> **DATASET CONTENT**
========================================================================

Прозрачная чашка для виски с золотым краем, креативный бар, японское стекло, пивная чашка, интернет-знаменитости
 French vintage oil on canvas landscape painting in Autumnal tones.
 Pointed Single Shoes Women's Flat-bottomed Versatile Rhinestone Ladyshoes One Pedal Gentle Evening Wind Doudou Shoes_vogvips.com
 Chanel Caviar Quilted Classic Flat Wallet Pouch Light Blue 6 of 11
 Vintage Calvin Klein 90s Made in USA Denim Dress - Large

========================================================================

> **EXERCISE DETAILS**
Provide the number of lines in the records above that contain the word "Flat", with no additional words.

> **RESULT OF THE EXERCISE**
2